Like many small business owners, C-19 has resulted in a sudden and prolonged loss of income. Some projects have been postponed, others cancelled, and a few reformatted to be delivered by other means. Many of the people we deal with have been furloughed and some have gone out of business. All of them are reeling from the financial impact of C-19, which will certainly inform their buying decisions when this immediate crisis is over. It’s a story told many times all over the world. My business is not alone.
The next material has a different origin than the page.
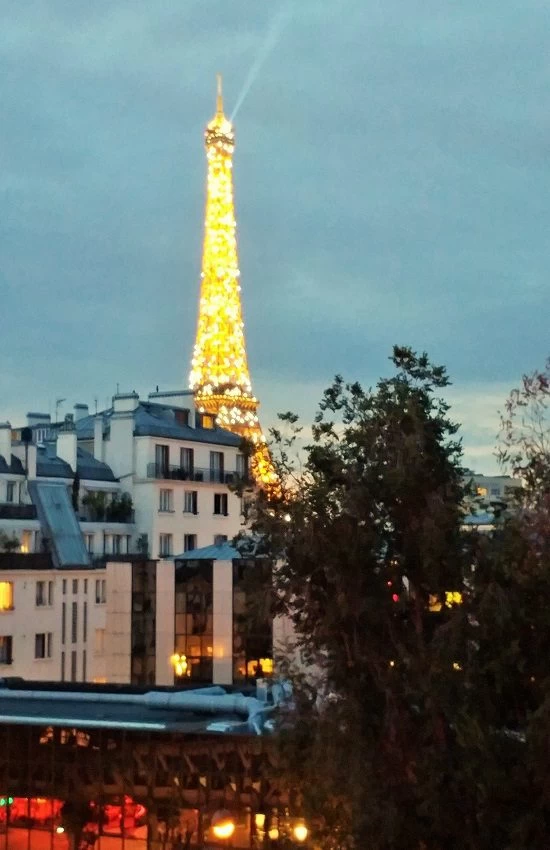 View of the Eiffel tower from Le Parisis hotel in Paris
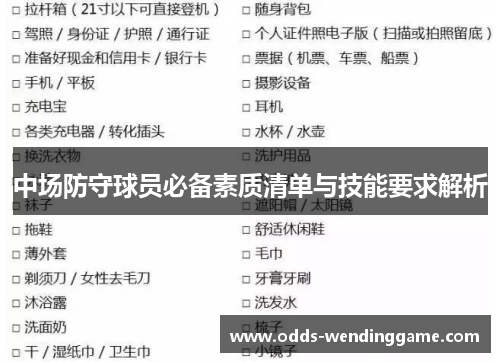 中场防守球员必备素质清单与技能要求解析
In moments of despair it can feel like this is a permanent state. The world has stopped and been placed into a state of suspended animation for who knows how long. And whilst we struggle to survive throughout this period, bringing our work into our homes, juggling many competing demands on our time and energy, and wondering where our next pay check is coming from, it’s a miracle that we can hold some semblance of normality together, let alone hope.
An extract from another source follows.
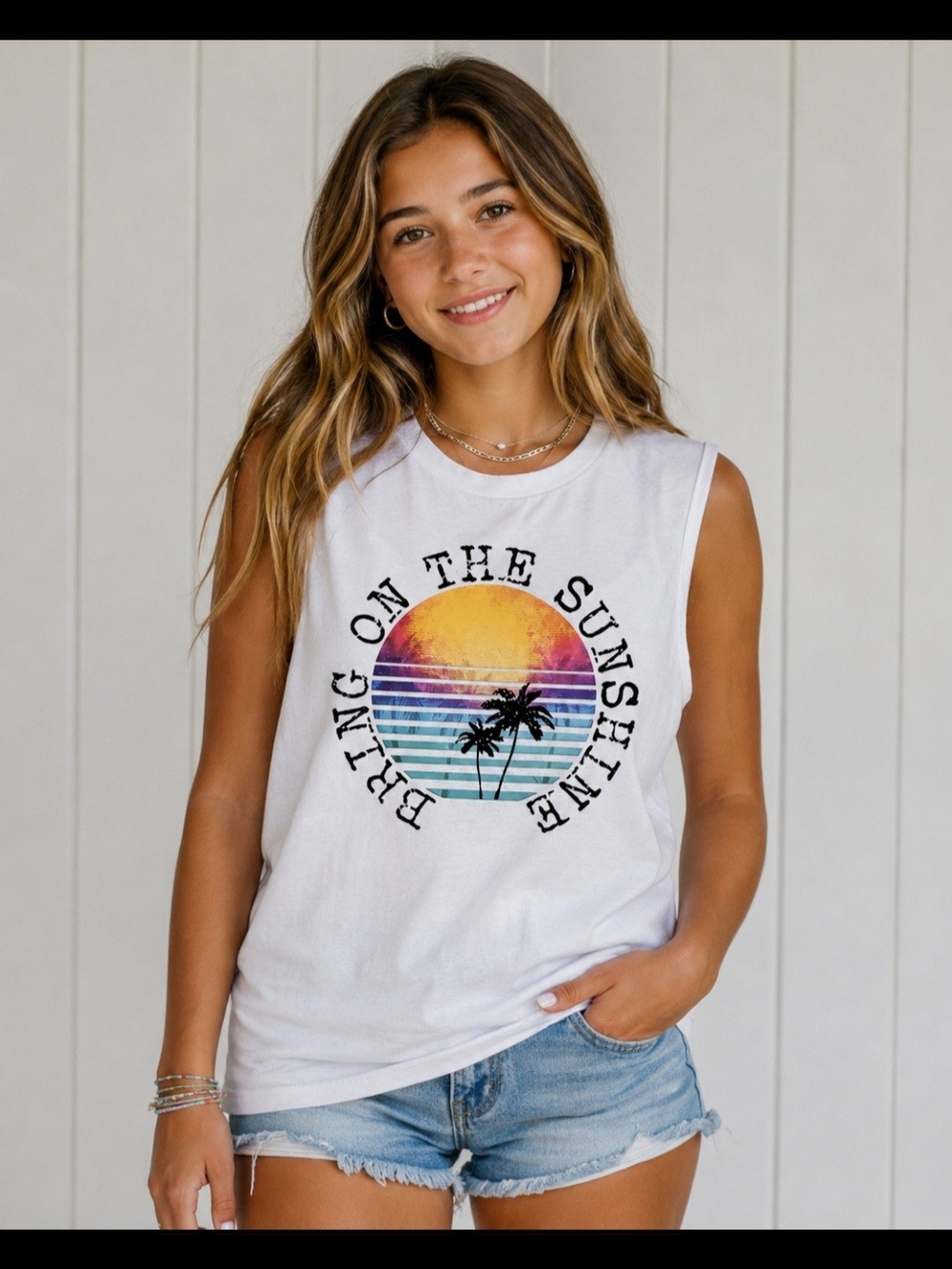 SHEIN White Graphic Muscle Tank with Sunset Palm Print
There have been times in my life when I’ve screamed for the world to stop. To give me time to catch my breath and process what’s happening. We all need moments of respite. But as this crisis trundles on, it becomes more and more apparent that the world hasn’t actually stopped, it has evolved. It’s too early to say what it has and will evolve into, but it is already palpably different. And we are different too, because we have responded and adjusted to these new circumstances in our own ways. For some it has been a simple matter of survival and keeping it together; for others it has been an opportunity for reflection and planning; for some it has stimulated swathes of creativity. Whether you are surviving or thriving, your experience will have changed you.
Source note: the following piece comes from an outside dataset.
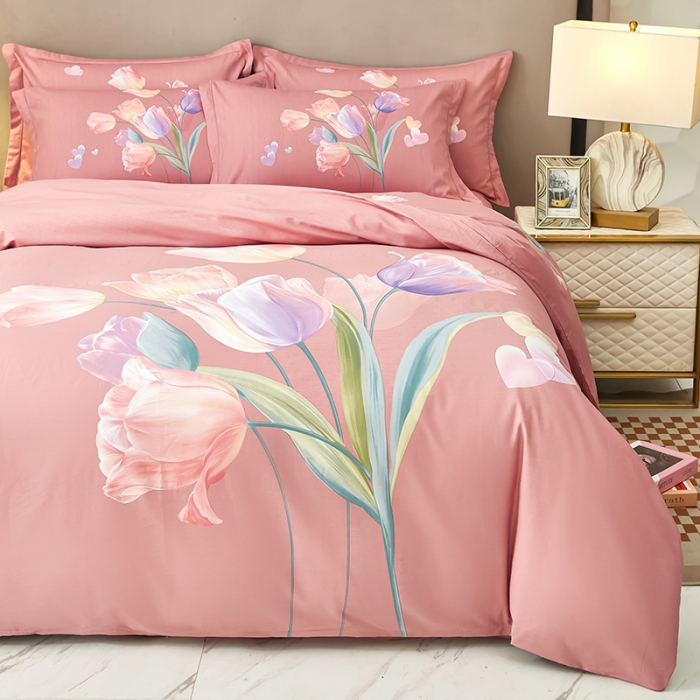 91家纺网 家纺一手货源 找家纺 雲归梦 2023年新款加厚全棉生态磨毛大版四件套 郁金香-粉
This is not a time to load up on despair. We can be angry and rail against the horror of what we are having to endure; and we can question in no uncertain terms the decisions our governments are taking. But we should never lose hope. We have all been tested (some more than most), and the new world we are creating has the potential to transform our work, our politics, our families, our climate and our future.


I am not the sort of person is who believes that things happen for a reason, as if ordained by an invisible puppet master; or that tragedy can be justified because of the change it stimulates. But I do believe in humanity, and its potential to transcend the horrors of war, natural disasters, political upheaval, and personal tragedies. That is what we are doing right now, slowly, certainly and, hopefully, positively for the benefit of all citizens.


The world I knew may have slowed, but it hasn’t stopped entirely. Some things may not come back, or if they do, they will come back differently. Some things I don't want to come back. And there will be new stuff coming along that wasn’t there before, which will become part of our new world. And I haven’t stopped. I haven’t stopped dreaming, making, designing, communicating, coaching, learning, surviving and, dare I say it, moving forward. I don’t believe I’m alone in that.